*Source material*
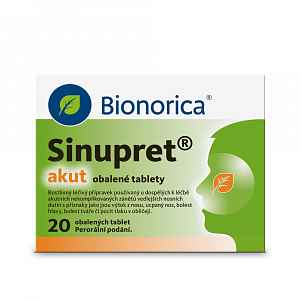 Sinupret akut por.tbl.obd.20x160mg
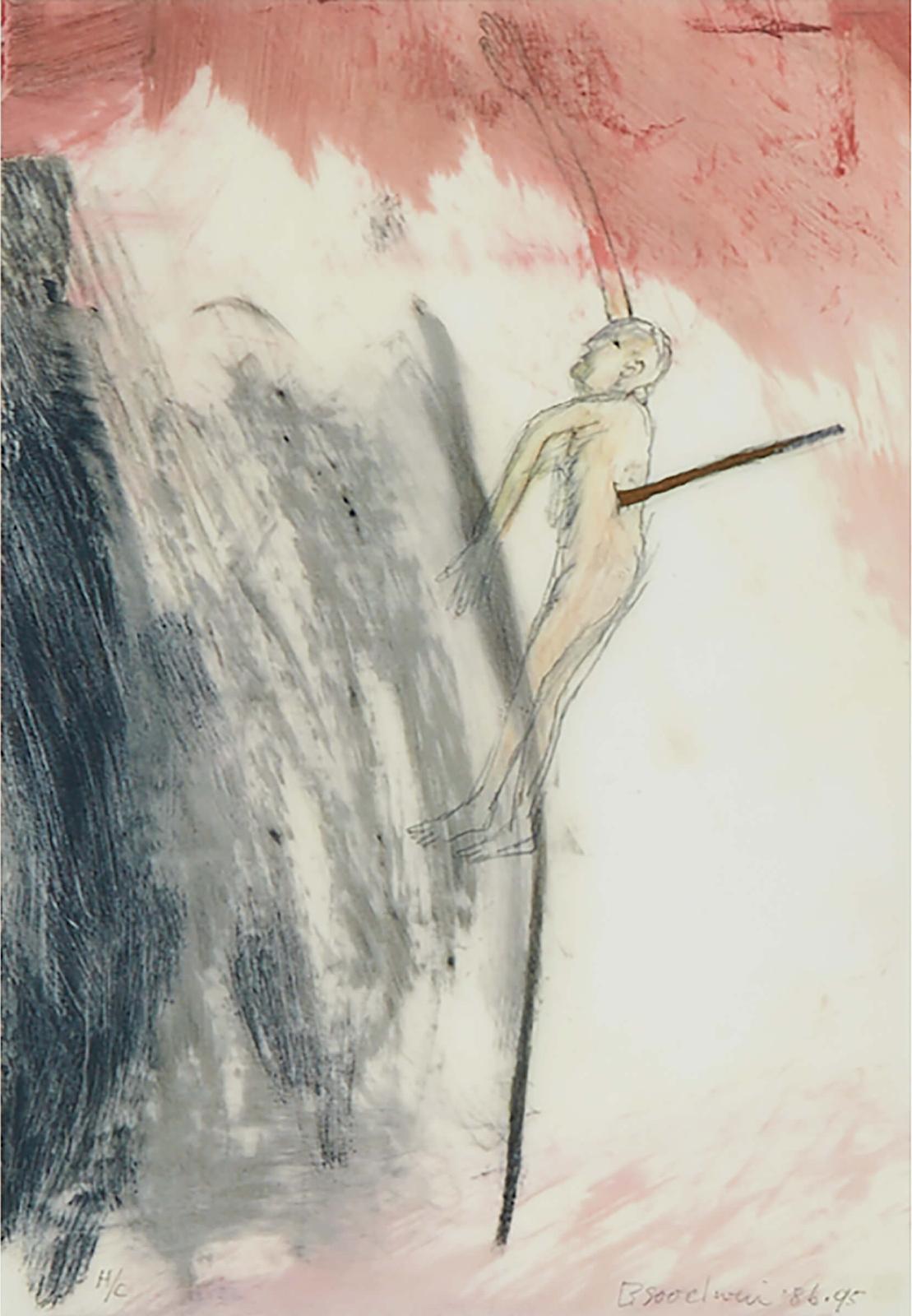 Betty Roodish Goodwin (1923-2008) - Untitled (Speared Man)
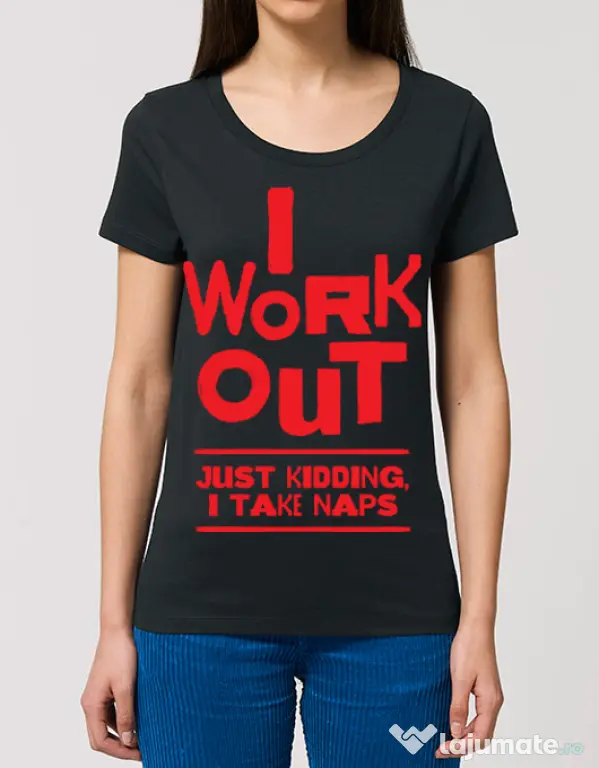 Tricou STANLEY STELLA dama I work out Negru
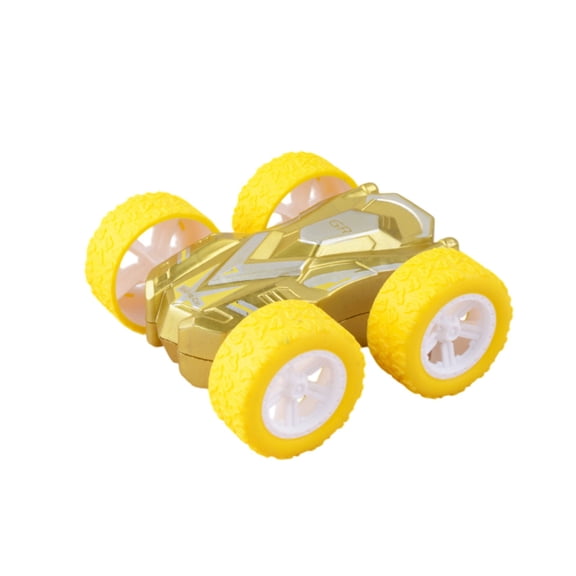 Yellow Yellow Double Sided Stunt Car For Kids Flip And Roll Inertia Toy For Boys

*Work to complete*
Leave the pictures out and output the rest of the listing exactly.

*Result*
 Sinupret akut por.tbl.obd.20x160mg
 Betty Roodish Goodwin (1923-2008) - Untitled (Speared Man)
 Tricou STANLEY STELLA dama I work out Negru
 Yellow Yellow Double Sided Stunt Car For Kids Flip And Roll Inertia Toy For Boys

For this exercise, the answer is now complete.